Quelques mots prononcés involontairement ont changé sa vie, et maintenant, elle doit trouver les mots et le courage de les dire.

 

Anxieuse, elle stoppe son destrier à quelques pas de la monture de la princesse, toujours attaché au pilier de la maison. 

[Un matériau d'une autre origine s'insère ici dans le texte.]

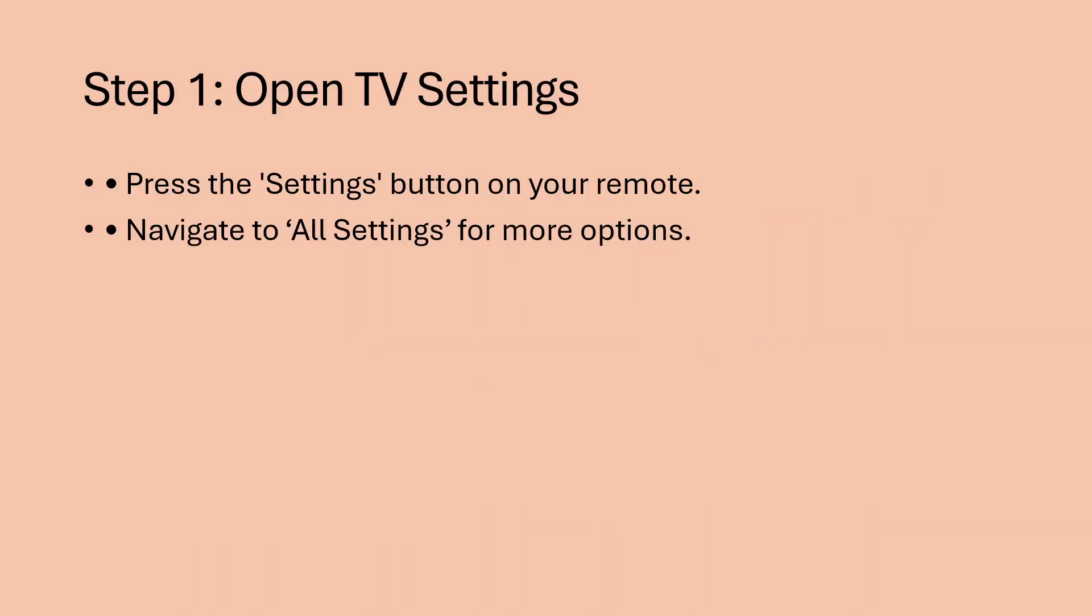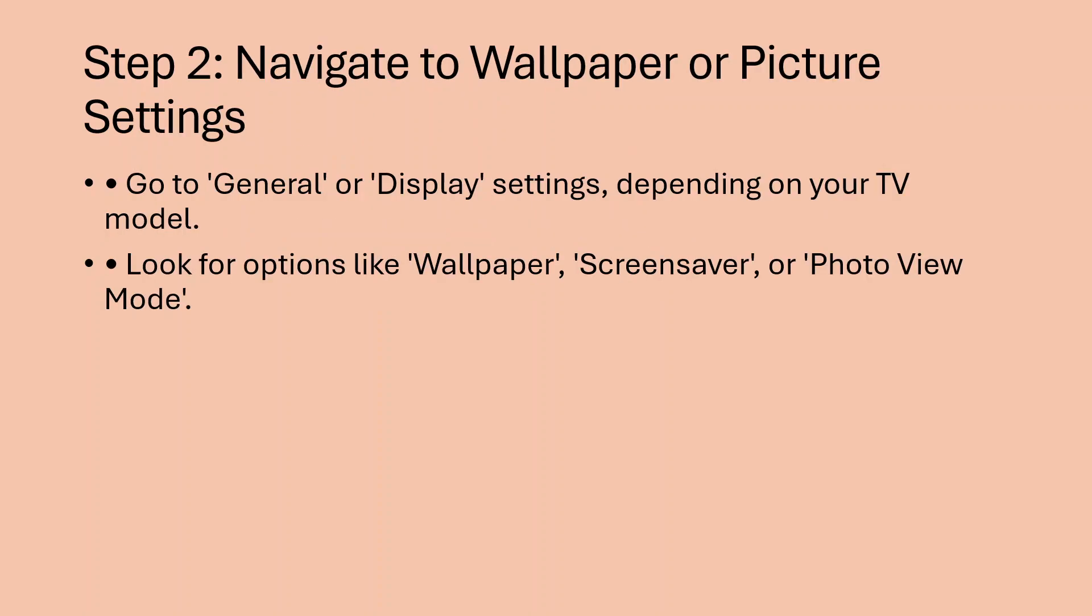Step 1: Open the TV settings. Press the settings button on your remote. Navigate to all settings for more options.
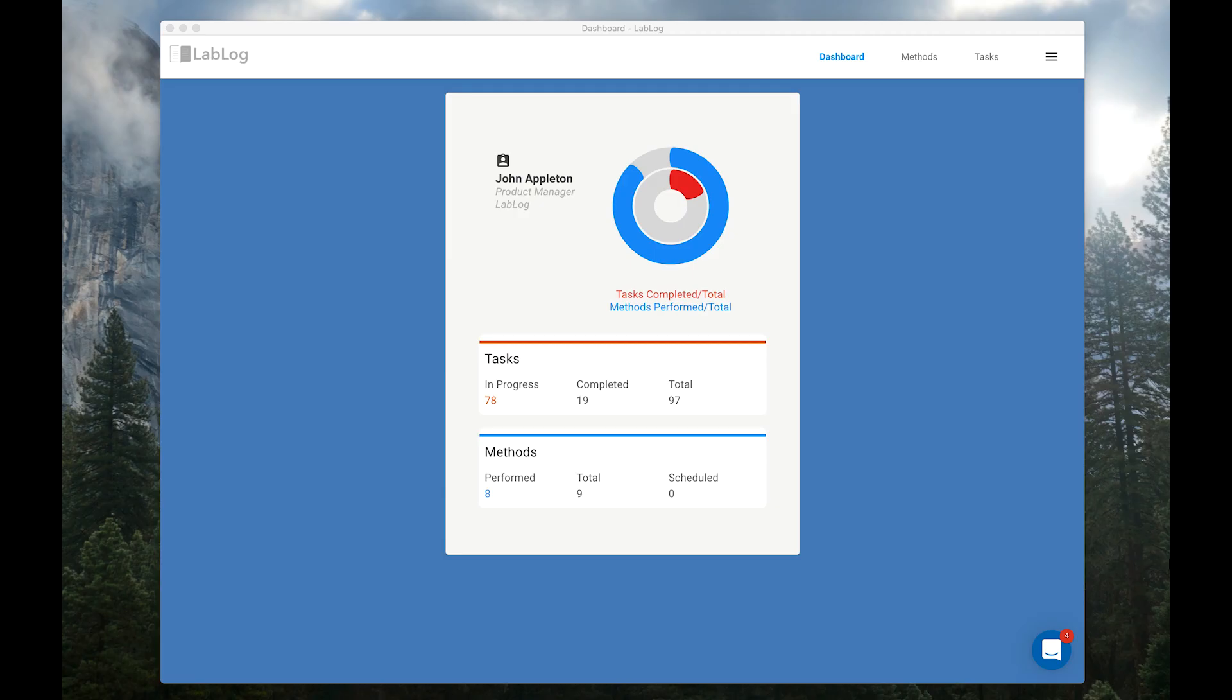Welcome to LabLog. LabLog is a new kind of lab notebook, bringing all your notes into one place, tracking your research progress every week.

La brune met pied à terre, prend les rênes d'Argo et l'attache au même endroit. Puis doucement, elle s'approche de la porte, hésite un instant avant de frapper.

 

Le temps que met Hélène pour ouvrir lui paraît interminable. Quand la porte s'ouvre enfin, la raison de la guerrière perd pied, comme si elle était incapable de penser, face au visage ridé emprunt de tristesse. Xena ouvre la bouche mais aucun son n'en sort.

 

 _ Majesté. Entrez, je vous prie. Fait Hélène en libérant le passage.

 

La vieille femme se déplace, offrant au regard craintif l'objet de sa quête assis à la table, une tasse fumante entre les mains.

 

 _ Gabrielle. Souffle-t-elle en entrant.

 

Le cœur battant la chamade, la femme aux cheveux noirs avance vers la seule personne capable de la faire aller de l'avant. Sa volonté est décuplée, mais les mots qu'elle a tourné et retourné tout le long du chemin, se volatilisent.

 

Alors qu'elle tombe à genoux devant son âme sœur, cette dernière est partagée entre le bonheur de voir son épouse et la colère qui remonte en flèche.

 

Aucun des deux êtres aux sentiments différents, mais unis par leur douleur, ne remarque la propriétaire des lieux s'éclipser en silence. 

 

Une fois dehors, Hélène soupire et prie les dieux pour que sa jeune amie trouve le courage et la force de ravaler sa colère et accepte l'aide de la Conquérante, ainsi que de la soutenir.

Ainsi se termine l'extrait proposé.